[[ DATA PROVIDED open ]]
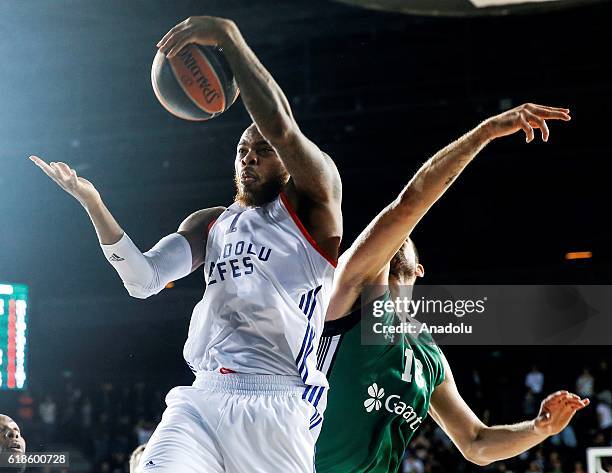 Deshuan Thomas of Anadolu Efes in action against Adrien Moerman of Darussafaka Dogus during the THY EuroLeauge Top 16 basketball match between...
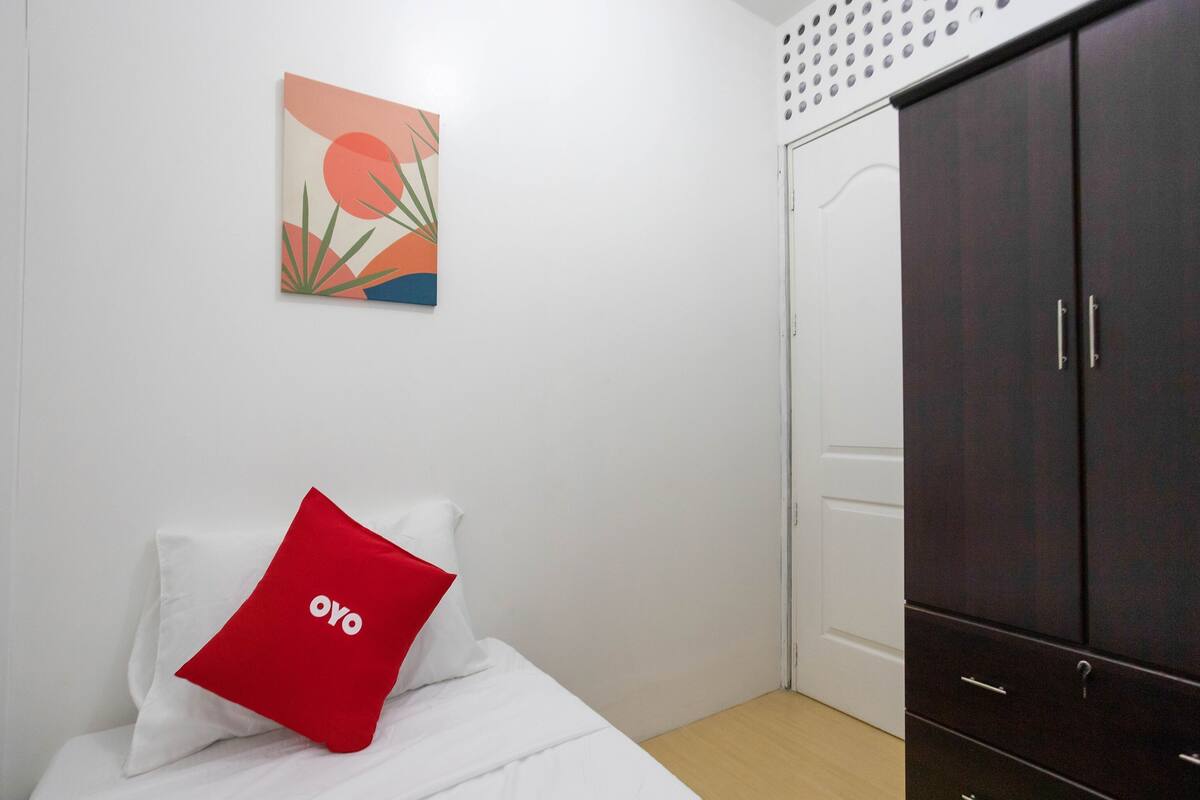 Une chambre à coucher comprenant un lit, une armoire, une porte et une œuvre d’art accrochée au mur.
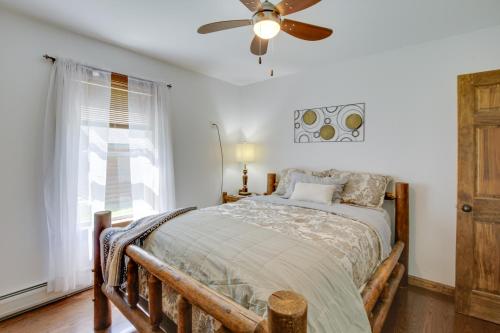 a bedroom with a bed and a ceiling fan at Spacious Cabin with Private Dock on Thompson Lake in Oxford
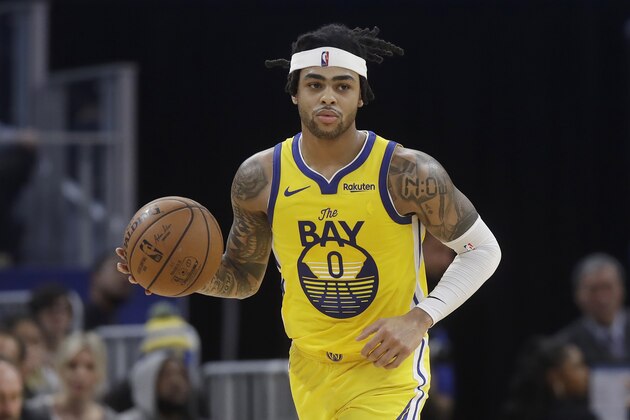 Golden State Warriors guard D'Angelo Russell (0) dribbles upcourt against the Dallas Mavericks during the second half of an NBA basketball game in San Francisco, Saturday, Dec. 28, 2019. (AP Photo/Jeff Chiu)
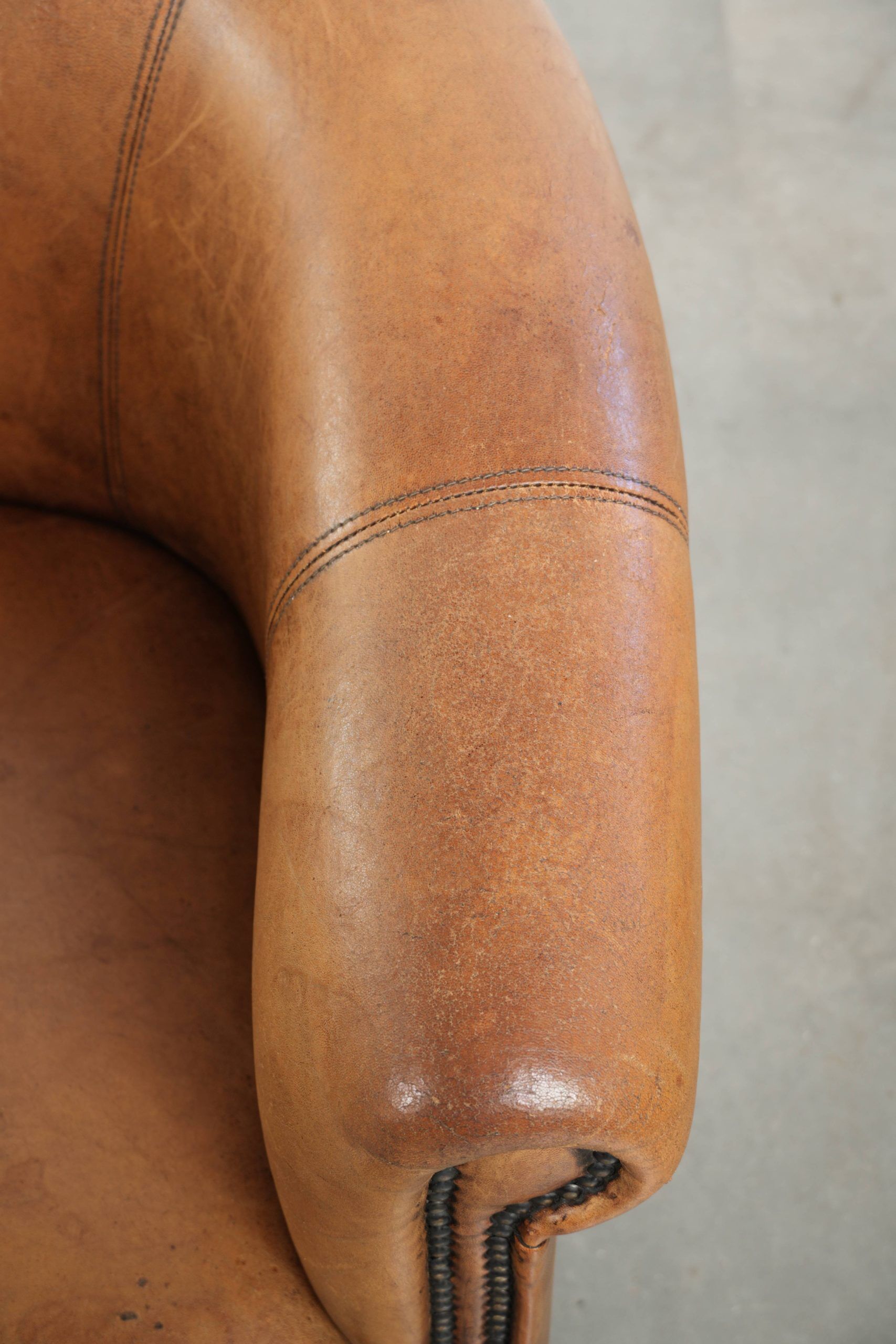 Set of two vintage sheepskin club armchairs with a beautiful light colour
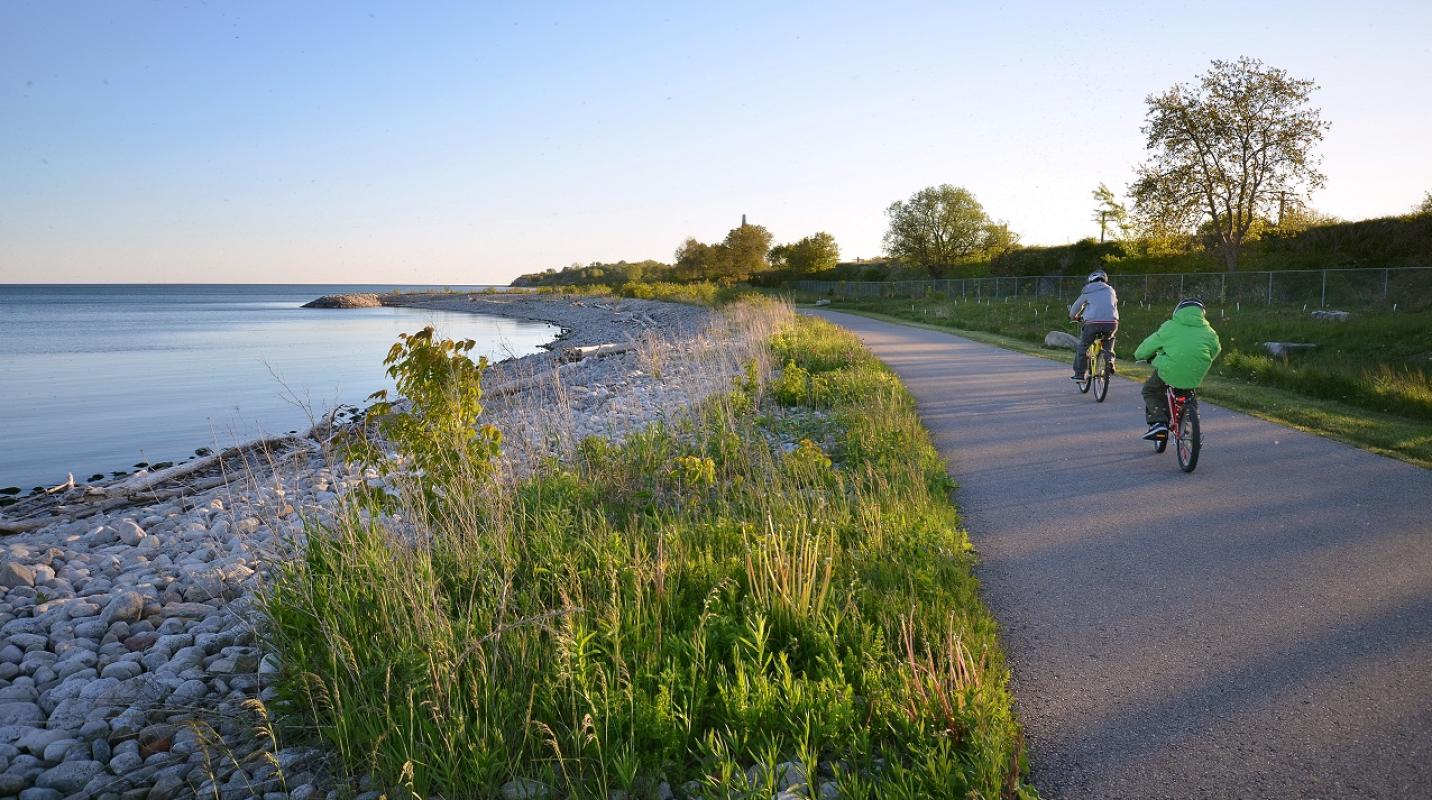 cyclists on a waterfront trail next to a cobblestone beach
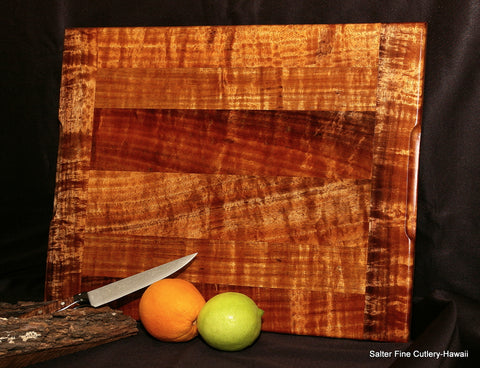 Small koa wood cutting board with utility knife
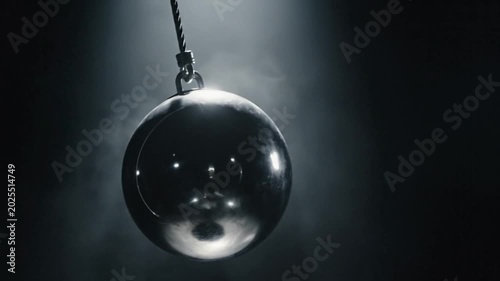 Metallic wrecking ball hanging in dark, smoky spotlight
[[ DATA PROVIDED closed ]]
**TASK PROMPT**. Only exact repeats of the lines from the one containing "Une chambre à" through the end of the listing above are wanted here; pictures are not.

**SOLVED EXERCISE**.
 Une chambre à coucher comprenant un lit, une armoire, une porte et une œuvre d’art accrochée au mur.
 a bedroom with a bed and a ceiling fan at Spacious Cabin with Private Dock on Thompson Lake in Oxford
 Golden State Warriors guard D'Angelo Russell (0) dribbles upcourt against the Dallas Mavericks during the second half of an NBA basketball game in San Francisco, Saturday, Dec. 28, 2019. (AP Photo/Jeff Chiu)
 Set of two vintage sheepskin club armchairs with a beautiful light colour
 cyclists on a waterfront trail next to a cobblestone beach
 Small koa wood cutting board with utility knife
 Metallic wrecking ball hanging in dark, smoky spotlight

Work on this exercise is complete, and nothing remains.